The Japanese girl first passed my husband and I, walking north out along the flood bank from the staithe. She reappeared as we waited for the final Sunday Coasthopper bus back to Sheringham. She was in England for a fortnight, and had visited Norwich Castle and Cathedral, Cromer and Sheringham – and tiny Burnham Overy Staithe, arriving at dusk because, perhaps expecting the speed of a Japanese bullet train, she had chosen to travel via Ely and King’s Lynn. First she told us of her love for the music of Vaughan Williams, hence the visit to Lynn, where he once collected folk tunes. Then she told us of the 1967 book When Marnie Was There, by Joan Robinson (who also wrote children’s books about Teddy Robinson.) It was set in Burnham, and made into an Oscar-nominated anime film in Japan in 2014, apparently keeping the haunting charm of the novel, although the village is relocated to Japan.

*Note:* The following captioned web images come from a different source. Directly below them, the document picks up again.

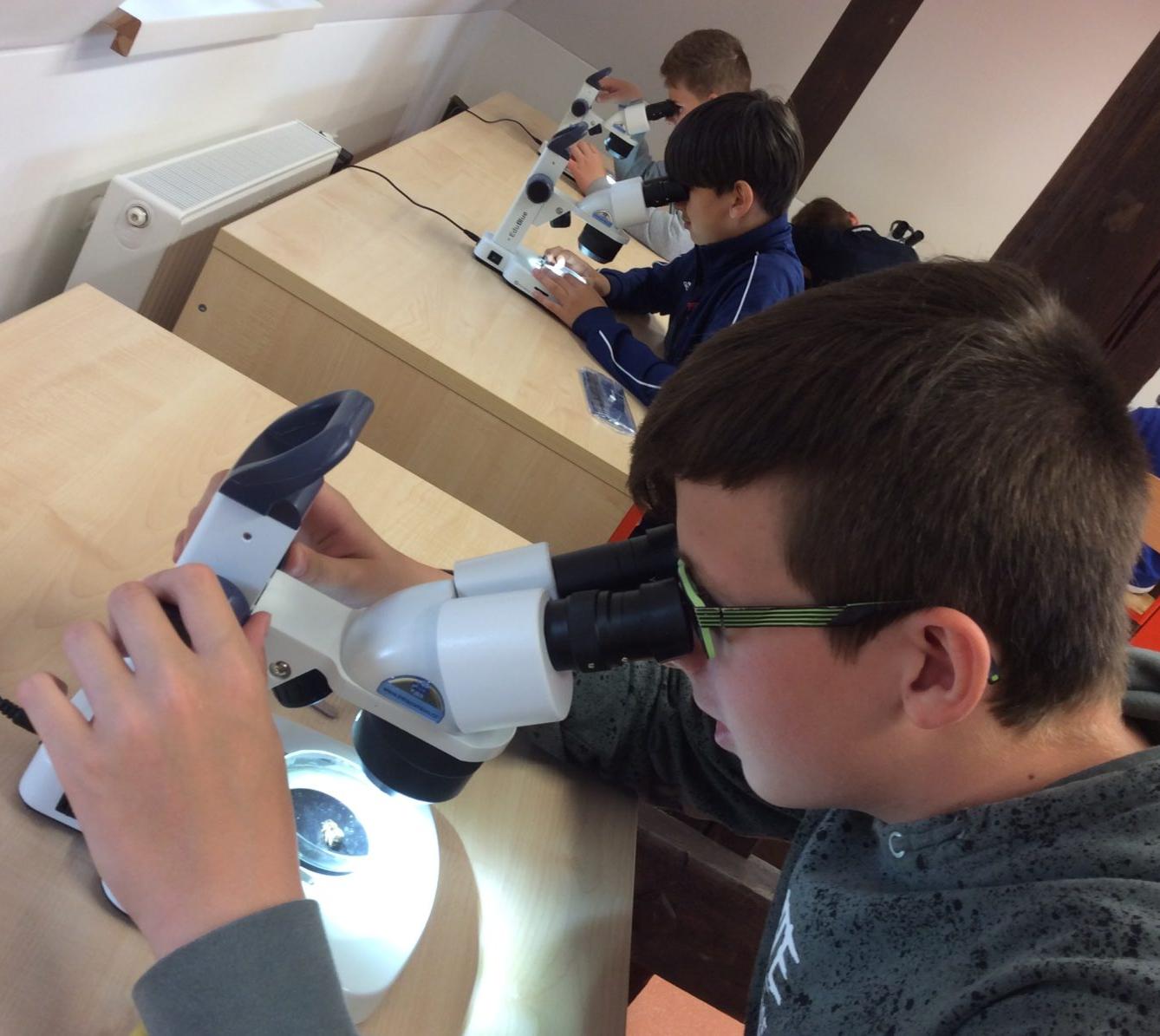 Svět včel - žáci 6. třídy - 8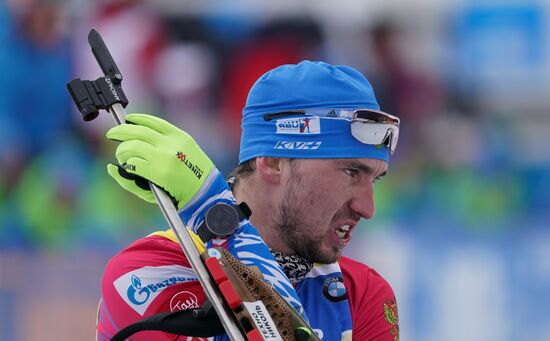 Биатлон. Чемпионат мира. Мужчины. Индивидуальная гонка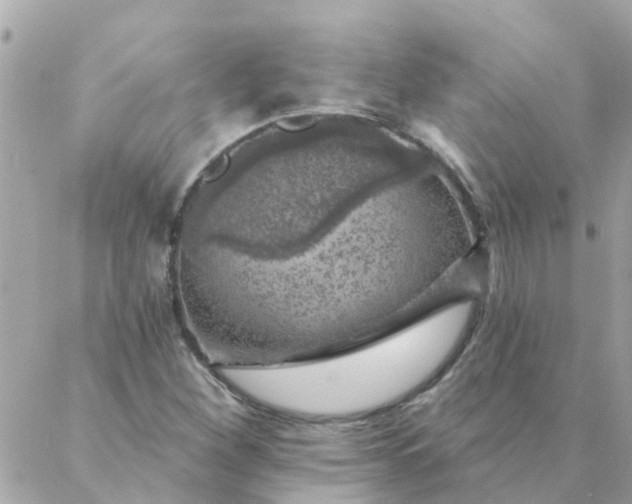 X0000087381260200705041936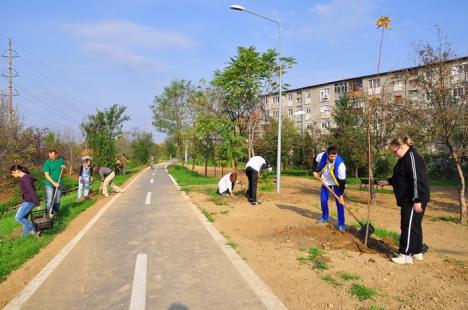 Toamna se numără puieţii: RER Ecologic Service va planta în oraş aproape 800 de copaci (FOTO)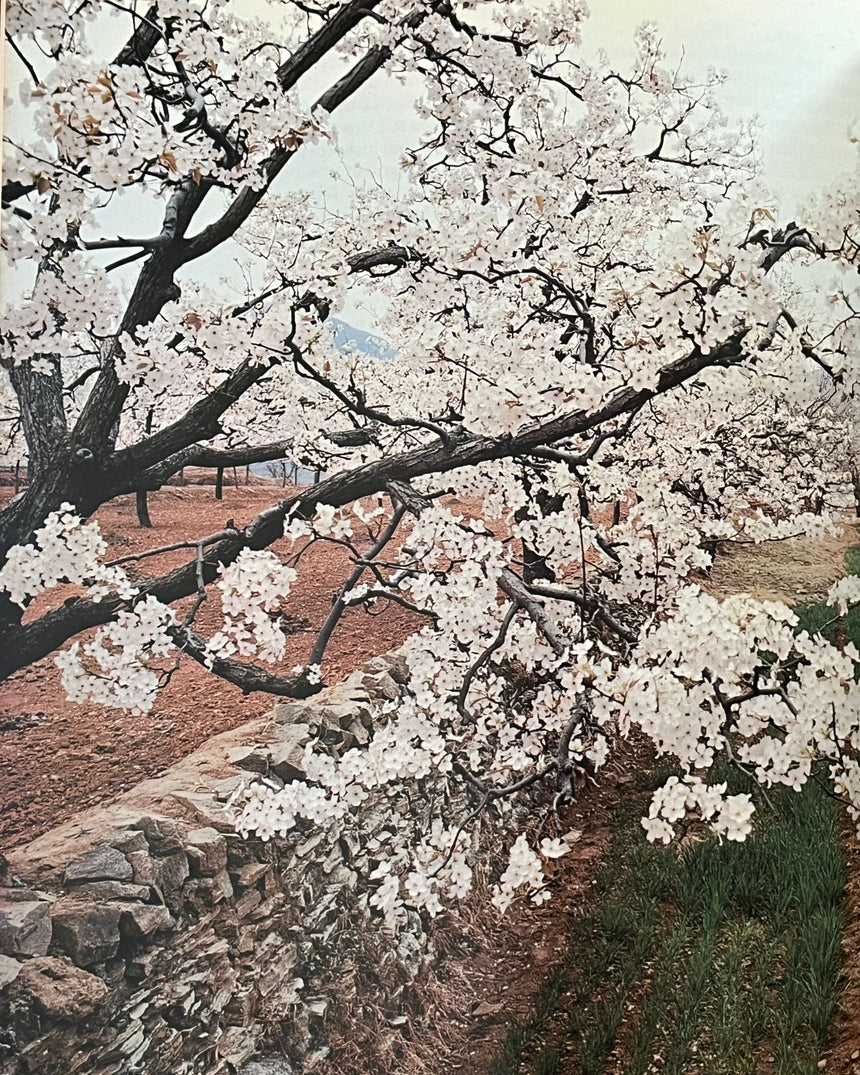 Pestil Books for vitruta Journey Into China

She told us all this while apologising for her English. We reciprocated by admitting our knowledge of the Japanese language ranged all the way from sumo to Sony.
There are other parts of Norfolk which are surprisingly well-known thousands of miles away. This summer Norfolk is welcoming Americans (back) to the county, exactly 75 years after they first arrived to help fight the Second World War. Bodney, Deopham, Hardwick and Tibenham are just four of the tiny agricultural villages transformed into international air bases.
Americans returning for a re-run of the Friendly Invasion will need to honour friends and relatives, but maybe they too will have time to head for the coast on a whim and feel at home in our very own California, near Yarmouth, named for a 19th century gold rush, when coins were found on the beach. And there is still plenty of gold to find on Norfolk’s coast, not necessarily sparkly metal, but an apparently inexhaustible supply of shiny new fascinating facts.